By Megha Bajaj
Flooding our lives with people and activities, we tend to distance away from the person who matters the most – our self, by Megha bajaj
Have you ever heard the song of rains? It starts with a hum, builds to a loud, emotional singing, and reaches its crescendo with the thunder. Never the kind to be happy as a bystander, I jump in to drench myself with the heavenly notes. What a feeling it is to see nothing but the silver rain all around, to hear nothing but the rain song and remember nothing but rapture. I feel no consciousness of who is watching and I feel no embarrassment to express my childlike joy– rains and me – me and rains, dance away.

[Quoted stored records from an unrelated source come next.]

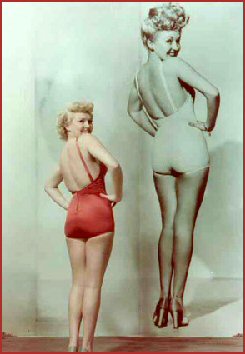 https://groovyhistory.com/betty-grable-young-wwii-pinup-back-shot-legs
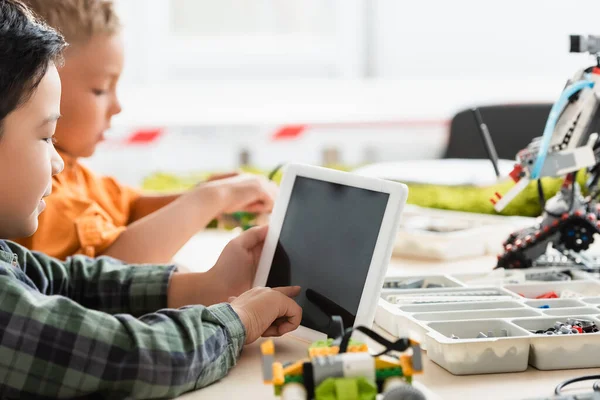 Selektiver Fokus asiatischer Schüler mit digitalem Tablet in der Nähe von Freunden und Robotern auf dem Tisch in der Schule — Stockfoto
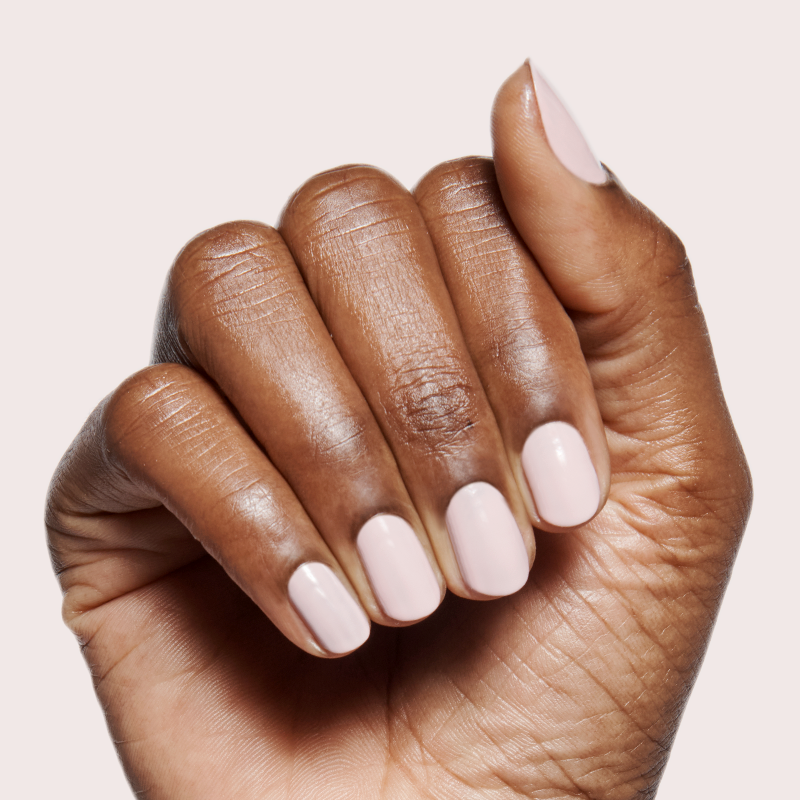 Hand with milky sheer pink manicure using Dream Job long-lasting polish against pale neutral background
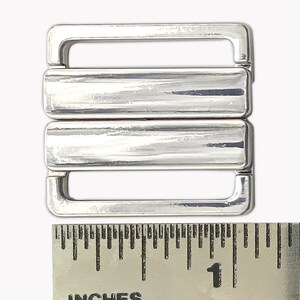 May include: Silver-toned metal bra strap slider with three rows of metal. The slider measures approximately 1 inch in length.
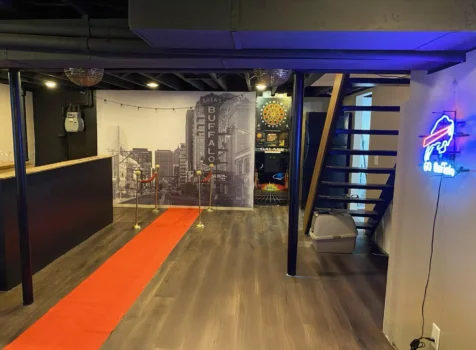 A stylish basement entertainment area featuring a custom vinyl wall graphic of downtown Buffalo, installed by Ninja Graphics Inc. The space includes a red carpet with gold stanchions leading to the wall mural, a wooden bar with a black base, a dartboard game, and a staircase with modern open steps. A neon Buffalo Bills sign illuminates the right wall, adding a sports-themed accent. The ceiling is painted black with exposed beams and disco balls, creating a sleek and modern ambiance.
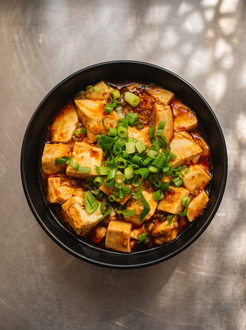 A bowl of mapo tofu with cubed tofu, a spicy red sauce, and topped with a generous amount of chopped green onions.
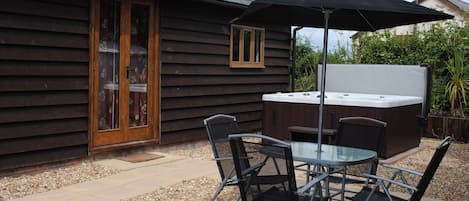 The private rear garden with hot tub, outside dining and BBQ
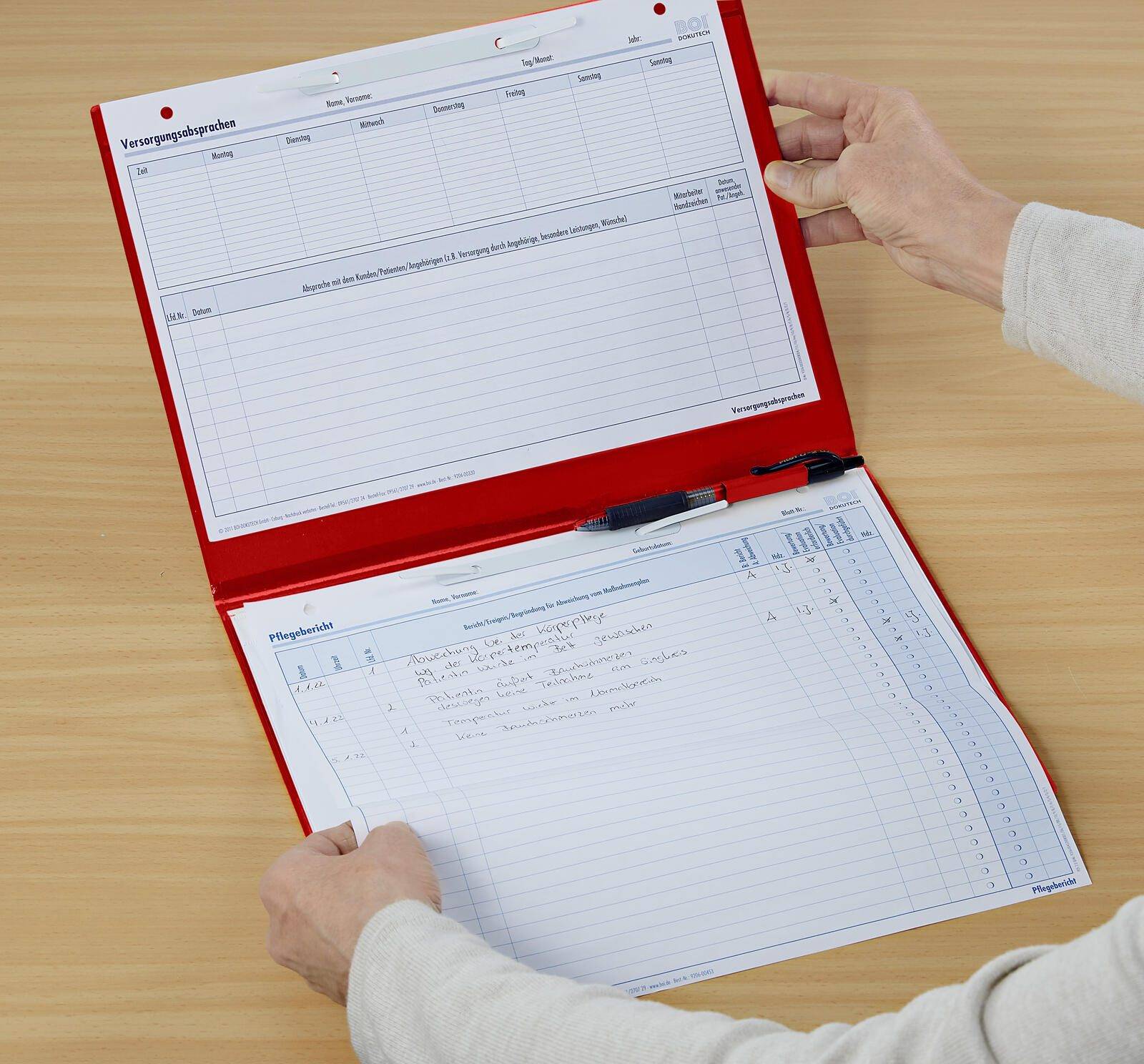 Eine Person öffnet eine rote Klemmbrett mit Blättern von Dokumenten darin, möglicherweise ein Formular oder eine Checkliste, auf einer hellen Holzoberfläche.
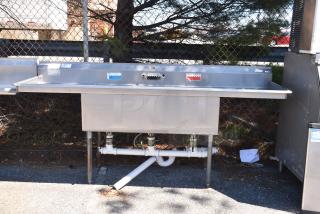 Duke Commercial 3 bay sink with dual drain boards, stainless steel, visible faucets, outdoor setting, good condition.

Music too has a similar effect. It is like my magic carpet that transports me to different worlds. Listening to slow, meditative music I am transported to the bank of a sacred river, surrounded by silent snow-capped mountains. I imagine myself flowing with the river, no resistance, no conflict, just going with the flow. Drumbeats, on the other hand, transport me to jungles where I dance with a tribal group and feel a primal, raw energy flow through. Imagination refuses to be chained and sitting solitarily on a chair, listening to music I visit places unknown and unheard of. Music has the capacity to make me forget everything – it is the notes and me, me and the notes – in silent symphony.
‘Love your work, and you will never work again,’ this quote finds consonance with my life. As a child, I wrote to my family whenever I felt sad, whenever I felt happy, and also whenever I wanted a gift from them. As an adolescent, I wrote in my diaries of crushes and infatuations. And today I write books. Writing is a part of me – the way my right hand is a part of me. A paper, a pencil and thoughts just fly around, competing to be pinned down. When I am writing an article, someone could be staring at me for hours and I wouldn’t realise it. I lose all consciousness – all I am aware of is my thoughts and my words. Words and me, me and words – we need little else.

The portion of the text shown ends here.